We have to pull the diagnosis forward to fit into the storyline - let's shorten the two years to two months!

Na, still too long a gap - how about two weeks?

Well, how about two DAYS for maximal emotional effect, or do you think that's too melodramatic?

No, let's go for it, you got to go high risk, high yield!

WyldMountainThyme · 07/08/2025 10:17

I first came across SW when she was doing a live zoom session with some sort of online book group I'd just joined and I was curious because I'd heard a lot of hype about TSP but hadn't read it yet. I struggled big time to understand her voice as well and remember quitting the session part way through although I was still curious about the book itself. Disappointingly the Audible version was read by SW so that was obviously a no go. Then I discovered that the one on Overdrive/Libby at the library was read by the actress Anne Reid and is much easier to listen to than SW's reading. I recommend trying that if you can get hold of it, and if you can't cope with SW's voice any longer.

ETA: I wonder how Anne Reid is feeling about all this,

AlertCat · 07/08/2025 10:17

The petrol station carries as much Nessie memorabilia and trinkets as it does confectionary and petrol cans; it feels like a meeting place of the old and new country.

I think this was Tyndrum which is the Green Welly Boot Store and she was BVU not to mention their fantastic whisky shop at the back of the place, staffed by incredibly knowledgeable and friendly people who offer very good advice. We’re always driving when we go here and so can’t taste the wares, but have never been disappointed by anything we’ve bought on their recommendation after hearing what we enjoy.

Anyway, just wanted to share that PSA for when the Mumsnet charabanc goes off to the Highlands field trip (bags me the back seat for that one!).

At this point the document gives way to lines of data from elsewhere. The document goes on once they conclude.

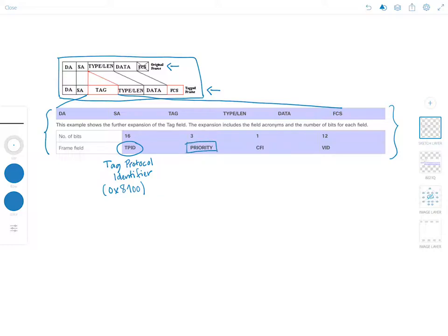Next is the priority field, a 3-bit field which refers to the IEEE 802.1p priority and is used to implement QoS. The field indicates the frame priority level, which can be used for prioritization of traffic. The field can represent 8 levels, 0 through 7, since those are the numbers representable in 3 bits.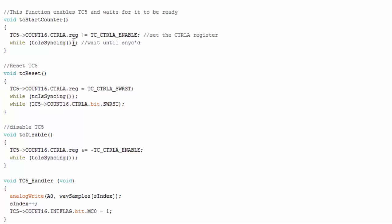This is going to start the counter so this will enable the counter and every time the counter is done an interrupt is signaled and if you don't know what an interrupt is I have a video on interrupts every time this interrupt happens or every time the counter ticks down the code stops what it's doing and it jumps to this function right here the TC5 handler timer counter 5 handler.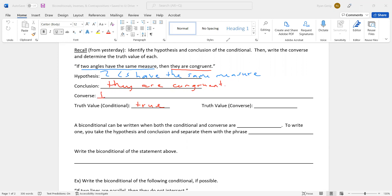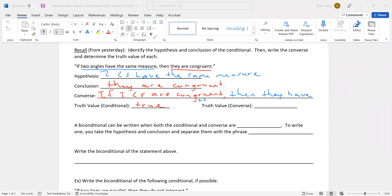The converse then is — and this is something I didn't really stress in the notes yesterday — make sure your subject, verb, and pronouns make sense. So if I say 'if they are congruent,' that doesn't really make any sense. What's 'they' referring to? I haven't said anything yet. So I need to keep 'the two angles.' If two angles are congruent, then they have the same measure.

WynkenDeWorde · 07/08/2025 10:18

AldoGordo · 07/08/2025 09:03

I think this is possible too. Assuming TSP is similar to the first ever draft, if we look at the opening chapters, the story is presented as

  • I decided to walk the SWCP under the stairs
  • because we lost our home and business
  • due to a financial dispute with a friend.

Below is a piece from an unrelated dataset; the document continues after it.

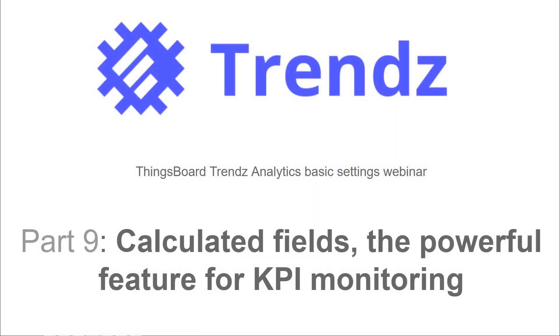Greetings! Let's move on to the next advanced analytics feature. Calculated fields are one of the most powerful features for KPI monitoring and prediction.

It could be such an idea was pitched to an agent but they said it lacked something.

The 2015 diagnosis then comes along and this is added to the story.

  • two days later my partner of 32 years is diagnosed with a rare neurological disease that has no treatment or cure.
  • we went on the walk anyway.

Pitch again, to the same agent perhaps, and they are now interested with this new emotional hook.

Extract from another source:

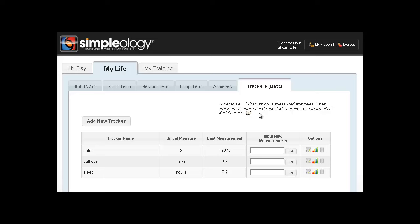So pick something, preferably related to one of your short, medium, or long-term major focuses. Create a metric around that and start tracking it on a daily basis. So let's go ahead and set one up.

I can't pin it down, but there's something about the way TSP is written that feels as if the diagnosis is an add-on, and then has to be explained into a pre-existing written story of going for a long walk due to homelessness.

Right back at the very start of all this, possibly even in the dim and distant days of thread 1, I saw a comment on a FB post from someone who claimed to have been working for 'a publisher' when the first draft of TSP was submitted, and was in the slush pile.

No further useful details, however, such as dates. I didn’t make a note of it, sorry, and I doubt I could find it again.